Execution of SQL statements can require the RDBMS to perform nested loops over parts of the query execution.
This can be an issue if the DBMS is forced to do something like perform a sequential scan of one table for each record matched in another table. That gets expensive *fast*.
There are many other possible performance issues, of course.
However, I don't see how SQL parsing can tell you much about the performance characteristics of the query. The database's query optimiser makes choices about how to execute the query, and is free to change its mind depending on configuration parameters, available resources, system load, disk bandwidth, present indexes, statistics gathered about data in the table, etc. PostgreSQL's planner for example does make heavy use of table statistics, so query plans may change depending on the quantity and distribution of data in a table.
Any decent database can already tell you how it will execute a query (and usually give you a performance readout from an actual execution of the query). There are plenty of GUI tools for displaying the resulting query plan output graphically. PgAdmin-II can do it, for example.
A simple SQL parser can have no idea about what indexes are configured, the distribution of the data, how much working memory the database has available for sorts and joins, etc. The database knows these things - and can already tell you how it will, or did, execute a query - so why not let it do its job?
The whole project doesn't make much sense.
Doesn't name WHICH RDBMS, and then you throw SQL at it? So what? For DB2 we have a thing called "Visual Explain" which NOT ONLY does this, but is free, provided by IBM, but also shows you other things like whch index is being used for each step, etc.

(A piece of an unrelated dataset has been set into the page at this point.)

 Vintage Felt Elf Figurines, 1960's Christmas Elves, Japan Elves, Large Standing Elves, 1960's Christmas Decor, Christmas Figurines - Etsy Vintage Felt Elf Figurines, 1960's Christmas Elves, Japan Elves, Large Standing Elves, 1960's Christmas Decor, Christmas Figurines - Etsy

This is news? This isn't even worth a second look!
I don't see what this has over EXPLAIN and an appropriate graphical display tool like PgAdmin-III. There are large numbers of tools that display graphical query plans - and unlike this simple SQL parser, they know how the database will actually execute the query once the query optimiser is done with it.
Furthermore, a simple SQL parser has no idea about what indexes are present, available working memory for sorts and joins, etc. It can't know how the DB will really execute the query, without which it's hard to tell what performance issues may or may not arise.
See comment 24461217 for a more detailed explanation of why this whole idea makes very little sense.